- Sire: Roar
- Grandsire: Forty Niner
- Dam: Emotional Outburst
- Damsire: Capote
- Sex: Mare
- Foaled: 2000
- Country: United States
- Colour: Bay
- Breeder: Brenda Jones
- Owner: H. Joseph Allen
- Trainer: Carlos Martin
- Record: 17: 5-4-3
- Earnings: $635,912

Major wins
- Black-Eyed Susan Stakes (2003) Demoiselle Stakes (2002) Sabin Handicap (2004)

= Roar Emotion =

American-bred Thoroughbred racehorse

Roar Emotion (foaled on January 30, 2000 in Kentucky) is an American Thoroughbred racehorse. The granddaughter of Forty Niner will best be remembered for her score in the mile and an eighth Grade II $250,000 Black-Eyed Susan Stakes at Pimlico Race Course on 16, May 2003.

==Early career==

Roar Emotion was an early foal born in January 2000 in the state of Kentucky by breeder Brenda Jones. She was sold as a two-year-old in training at the Ocala Breeders' Sale in April 2002 to her owner H. Joseph Allen for only $37,000.

That fall she raced in several races in New York with mixed results. Then in the November, Roar Emotion stepped up in class and won the grade two Demoiselle Stakes at Aqueduct run over the dirt at one mile. In that race she beat a solid field of ten fillies in 1:51.43 over Savedbythelight and Feisty Step.

==Three-year-old season==

Roar Emotion showed promise early in March of her three-year-old year as she placed second in the grade three Cicada Stakes at seven furlongs at Aqueduct Racetrack. That race was won by Cyber Secret in a field of six as Boxer Girl finished third.
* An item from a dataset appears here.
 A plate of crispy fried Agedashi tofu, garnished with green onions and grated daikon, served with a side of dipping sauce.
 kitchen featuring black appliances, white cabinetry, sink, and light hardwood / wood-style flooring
She was training so well that her connections decided to take a shot with her in the second jewel of America's de facto Filly Triple Crown, the Black-Eyed Susan Stakes. Roar Emotion was the third choice at 3-1 on the morning line in a strong field of eight other stakes winners. She broke alertly under jockey John R. Velazquez and set the pace two paths off the rail, with fractions of 23, 47, and 1:12 for the first six furlongs. Ivanavinalot and 57-1 longshot Blushing Valleys stalked the pace early. However, those two could not keep up by the top of the stretch. Santa Catarina, the 4-5 favorite was in fourth early, moved up turning for home gaining second, but was no match for the pacesetter. Longshot Fircroft at 13-1 came on strong from seventh picking up momentum with 3 furlongs left to run, but her late rally came up just 1/2 a length short, with Roar Emotion getting the win in gate-to-wire style in 1:52.33. That victory in the Preakness Friday feature was $200,000 grade two stakes race held at a rainswept Pimlico Race Course. It was 8-1/2 lengths back in third to Santa Catarina, the 4-5 favorite trained by Bob Baffert. Completing the order of finish were Ivanavinalot, Xtra Heart, Grace Bay, Blushing Valleys, and Lets Just Do It.

==Four-year-old season==

At age four, Roar Emotion started the year off in the winter in Florida. In February she was entered in a handicap race at Gulfstream Park for older mares and showed that she was very talented. In $100,000 grade three Sabin Handicap she took command at the top of the stretch and won going away in a field of nine. She beat Nosuch Bay and Lead Story in second and third respectively going a 1-1/16 miles. Roar Emotion, ridden again by John R. Velazquez and finished the race in 1:43.1 and paid $6.40 to win.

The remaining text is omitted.